Мастера иглы и утюга просто опешили, а я вмешался в разговор.
— Будут дополнительные условия к этой цифре, — мастера насторожились. — В ваших мастерских цены на ткани и услуги не должны быть ниже, чем в мастерских Льюиса. И доля наших моделей в общем количестве ваших заказов не должна быть выше, чем у Льюиса. Вот и всё. По-моему, справедливо. Как вы сами-то думаете.
— А тут и думать нечего, — ответил за всех всё тот же дедок. — Это просто подарок. Вы с Льюисом наши спасители. Разрешите пожать вам руку, синьор Серж.
Я благосклонно разрешил и поспешил обратно в "Морского дракона". Взял бутылочку и, вернувшись в свою резиденцию, начал размышлять. Взять всё золото с собой
Дом, Дом, где ты, Дом…
Александр сидит у меня и рассказывает, чту ему удалось разнюхать сегодня по части приватизации и аренды. Становится тошно. Бардак он и есть бардак. Но преодолевать придется. Вываливаю свое богатство на стол.Достаю и ахмедовы динары, и александровы ауреусы [21] . Только сейчас дошло, почему Александр назвал монеты странными. Надписи на них — легенды на русском языке. Какими бы они ни оказались старыми при экспертизе, антикварными они быть не могут. И даже на фальшивки не тянут. В лучшем случае — ценные сувениры. Александр любуется монетным профилем Виолетты.
21
Ауреус – золотая монета времен Юлия Цезаря.
— Я возьму одну на память?
— Конечно, — и он нахально отправляет себе в карман целых три монеты.
— Ладно, — говорю я, — отправляюсь на валютный промысел. Про передачки не забывайте. Хлебца, колбаски там… Жди меня здесь.

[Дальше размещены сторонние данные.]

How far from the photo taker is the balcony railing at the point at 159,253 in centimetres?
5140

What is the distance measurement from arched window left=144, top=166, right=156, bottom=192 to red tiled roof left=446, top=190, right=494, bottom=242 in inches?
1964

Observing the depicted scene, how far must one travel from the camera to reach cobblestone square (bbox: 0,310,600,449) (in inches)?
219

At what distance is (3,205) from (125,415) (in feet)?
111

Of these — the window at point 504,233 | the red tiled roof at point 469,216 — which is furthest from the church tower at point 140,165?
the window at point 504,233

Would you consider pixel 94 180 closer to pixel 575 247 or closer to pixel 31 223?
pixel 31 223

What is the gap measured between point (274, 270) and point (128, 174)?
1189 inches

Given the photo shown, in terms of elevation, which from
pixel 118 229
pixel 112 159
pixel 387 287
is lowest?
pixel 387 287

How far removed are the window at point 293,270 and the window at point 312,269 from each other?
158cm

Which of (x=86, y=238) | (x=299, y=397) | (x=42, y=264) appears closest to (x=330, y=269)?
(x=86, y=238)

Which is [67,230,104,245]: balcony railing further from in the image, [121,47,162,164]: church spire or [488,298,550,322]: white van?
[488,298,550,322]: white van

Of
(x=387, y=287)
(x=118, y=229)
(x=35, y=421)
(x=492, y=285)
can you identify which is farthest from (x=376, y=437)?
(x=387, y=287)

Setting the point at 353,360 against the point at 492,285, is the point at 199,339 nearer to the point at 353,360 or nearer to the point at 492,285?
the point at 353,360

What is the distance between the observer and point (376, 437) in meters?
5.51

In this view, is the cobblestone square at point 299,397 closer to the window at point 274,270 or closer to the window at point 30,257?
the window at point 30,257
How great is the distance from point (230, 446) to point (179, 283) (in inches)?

Ауреусов всего два. Так что и других монет тоже беру по две и заворачиваю все в бумажку. В гастрономе бросаю бумажку на контрольные весы. Перевалило за сто грамм. Монеты большие. Повезло. В комиссионке оборотистый малый в наличии. С индифферентным [22] видом разглядываю товары. Потом взглядом проскальзываю малого как пустое место и, вдруг, словно осмыслив увиденное, возвращаю взгляд назад и изображаю усиленную работу мысли по узнаванию объекта. Он с напряжением ждет.
22
Индифферентный – безразличный ко всему.
— А ведь мы с вами уже встречались, — констатирую я факт, при этом улыбаясь как можно фальшивее.
— Встречались, встречались, — радостно подтверждает он, — и весьма плодотворно.

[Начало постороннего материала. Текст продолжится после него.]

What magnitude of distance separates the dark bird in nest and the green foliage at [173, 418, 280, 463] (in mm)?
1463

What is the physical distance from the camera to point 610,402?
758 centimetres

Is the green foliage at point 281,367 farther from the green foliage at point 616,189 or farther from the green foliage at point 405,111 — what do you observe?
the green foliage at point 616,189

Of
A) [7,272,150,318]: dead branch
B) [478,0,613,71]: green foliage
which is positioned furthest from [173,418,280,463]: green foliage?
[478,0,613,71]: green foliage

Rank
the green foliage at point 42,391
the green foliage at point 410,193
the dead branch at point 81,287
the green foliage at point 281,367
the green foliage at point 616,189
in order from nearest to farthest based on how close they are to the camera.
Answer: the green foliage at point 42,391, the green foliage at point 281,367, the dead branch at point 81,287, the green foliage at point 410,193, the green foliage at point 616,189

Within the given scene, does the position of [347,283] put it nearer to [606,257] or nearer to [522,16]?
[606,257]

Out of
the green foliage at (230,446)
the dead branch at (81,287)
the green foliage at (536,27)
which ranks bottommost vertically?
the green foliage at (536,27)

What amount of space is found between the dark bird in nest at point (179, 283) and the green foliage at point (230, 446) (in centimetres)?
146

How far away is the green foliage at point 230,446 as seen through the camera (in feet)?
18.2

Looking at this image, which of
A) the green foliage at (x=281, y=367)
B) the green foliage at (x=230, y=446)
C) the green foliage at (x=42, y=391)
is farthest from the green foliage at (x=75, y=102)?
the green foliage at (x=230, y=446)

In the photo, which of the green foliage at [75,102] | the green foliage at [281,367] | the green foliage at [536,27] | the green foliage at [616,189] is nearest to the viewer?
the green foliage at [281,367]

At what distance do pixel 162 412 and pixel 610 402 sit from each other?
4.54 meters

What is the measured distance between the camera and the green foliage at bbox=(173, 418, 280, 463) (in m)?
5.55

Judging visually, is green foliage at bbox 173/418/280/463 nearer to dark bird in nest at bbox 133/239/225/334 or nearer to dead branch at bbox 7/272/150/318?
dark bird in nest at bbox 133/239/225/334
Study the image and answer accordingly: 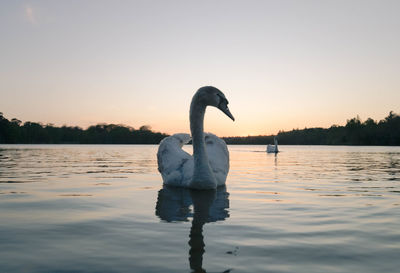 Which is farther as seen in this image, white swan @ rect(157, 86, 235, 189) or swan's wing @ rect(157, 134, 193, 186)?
swan's wing @ rect(157, 134, 193, 186)

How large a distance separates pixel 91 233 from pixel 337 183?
7514 mm

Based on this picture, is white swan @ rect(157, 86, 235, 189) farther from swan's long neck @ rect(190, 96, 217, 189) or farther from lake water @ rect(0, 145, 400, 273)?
lake water @ rect(0, 145, 400, 273)

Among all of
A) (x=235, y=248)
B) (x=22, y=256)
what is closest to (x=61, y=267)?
(x=22, y=256)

— Помню, помню. Английский костюмчик совсем не плох.
— Могу быть вам чем-то полезен и в этот раз?
— Да вроде нет. Вот хожу, надеюсь, что попадется что-то такое этакое, что и сам не знаю, но не попадается, не ложится на душу.

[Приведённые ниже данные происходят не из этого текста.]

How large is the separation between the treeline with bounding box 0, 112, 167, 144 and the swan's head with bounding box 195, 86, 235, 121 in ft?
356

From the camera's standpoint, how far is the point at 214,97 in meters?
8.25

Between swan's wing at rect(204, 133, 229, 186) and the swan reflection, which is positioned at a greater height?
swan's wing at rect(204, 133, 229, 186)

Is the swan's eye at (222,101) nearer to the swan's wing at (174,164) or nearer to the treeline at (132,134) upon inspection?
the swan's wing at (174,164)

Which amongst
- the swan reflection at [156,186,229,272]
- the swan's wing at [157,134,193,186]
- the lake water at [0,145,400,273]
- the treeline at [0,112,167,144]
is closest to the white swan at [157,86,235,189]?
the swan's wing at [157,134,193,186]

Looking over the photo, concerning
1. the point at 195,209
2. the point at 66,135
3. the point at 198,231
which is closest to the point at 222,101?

— Сочувствую. Заходите почаще — может быть, и попадется.
— Разве что.
Иду к двери, берусь за ручку и замираю, словно вспомнив что-то. Возвращаюсь к малому.
— Знаете что, вспомнил я сейчас одну вещь. Мне вы кажетесь, как бы это сказать, ну, человеком квалифицированным, и если у вас имеются некоторые специфические связи, то мы могли бы продолжить плодотворное сотрудничество.
— Был бы весьма рад и обязан. В какой области?
— В области эквивалентного обмена. Но не здесь же говорить. Вы могли бы отлучиться на полчасика? В доме напротив уютное и немноголюдное кафе с обстановкой, располагающей к плодотворной беседе.